Lo de Aldama es un mensaje para Julio Martínez, Leire Díez y otros:
— Gabriel Rufián (@gabrielrufian) June 22, 2026
Si 'colaboras' libras.
Concretamente, 3 años menos por cada programa en Horizonte.
Dicho esto, ¿aguantar para qué? ¿qué contenido tiene lo que queda de legislatura?
Gobernar es legislar no resistir.
But the phrase with the most political weight was the last one. "That said, what's the point of holding on? What content does the rest of the legislature have? Governing is legislating, not resisting," Rufián declared. The warning is not minor. ERC has been pushing the Government for weeks to concretize measures and stop relying solely on parliamentary survival. With a ruling of this magnitude on the table, the republican spokesperson places Sánchez before the question that most discomforts Moncloa: if the legislature continues, it must serve to pass laws.
Sumar asks PSOE not to be "a burden"
Sumar has also raised its tone against the PSOE, though without adopting the early election thesis demanded by the PP. In a press conference, Aina Vidal, from the Comuns, and Eduardo Fernández Rubiño, from Más Madrid, have demanded that the socialists "clean up" and "put their house in order" so as not to burden the coalition government. The party believes that the ruling should be "exemplary," especially since it involved contracts for sanitary material awarded in the midst of the pandemic.

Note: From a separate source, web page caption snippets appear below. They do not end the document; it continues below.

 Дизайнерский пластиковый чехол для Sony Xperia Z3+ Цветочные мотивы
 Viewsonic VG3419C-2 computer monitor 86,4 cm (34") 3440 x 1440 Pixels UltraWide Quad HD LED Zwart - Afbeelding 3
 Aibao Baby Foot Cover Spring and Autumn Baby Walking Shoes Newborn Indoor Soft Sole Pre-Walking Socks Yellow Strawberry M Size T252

Vidal has been especially harsh on the role of the corruptors. She has criticized that Aldama, whom she has described as a "mafioso, unscrupulous snob," remains practically out of jail despite the seriousness of the facts. "Those who play with public affairs deserve a strong conviction," she defended, before regretting that Justice repeatedly allows those who buy political wills to "get away with it."
Sumar's position now is to demand explanations, not ballot boxes. Vidal has summarized the message with a phrase directed at both the PSOE and the PP: "Spain is not asking for elections, it is asking for explanations." The confluence wants Sánchez to take advantage of his appearance on Wednesday in Congress to present democratic regeneration measures, recover the anti-corruption office, and undertake reforms on incompatibilities of former presidents, in addition to unblocking social laws such as the repeal of the Gag Law or new housing measures.

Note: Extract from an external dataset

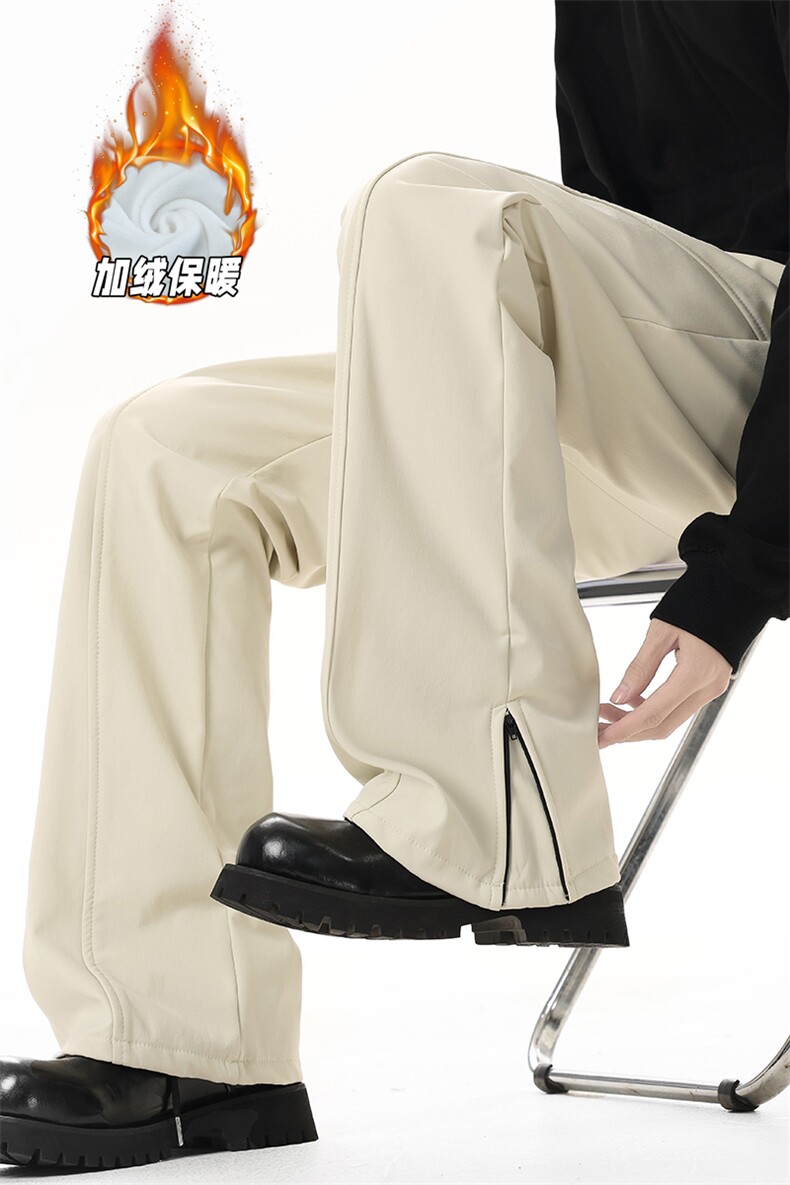 YK311特P40加绒45无影墙暖冬美式斜切弯刀加绒加厚冲锋休闲裤,男装卫衣,电商A249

Rubiño has added another element to the debate: the case of Alberto González Amador, partner of Isabel Díaz Ayuso. The Más Madrid leader has asked that the firmness demanded with Ábalos also be applied to the procedure affecting the businessman, after the latest reports from Hacienda and the UCO on his millionaire income and his relationship with companies in the private health sector. For Sumar, the PP tries to turn the condemnation of Ábalos into a general cause against the Government while avoiding looking towards Puerta del Sol.
On the minority left, there have also been reproaches for the treatment received by Aldama. Enrique Santiago, parliamentary spokesperson for IU, has written that "there is no possible explanation" for the "corruptor and head of the criminal organization not entering prison." From Compromís, Alberto Ibáñez has expressed his "disgust" at the theft in the middle of the pandemic and has denounced that the corruptor remains "free and with the money."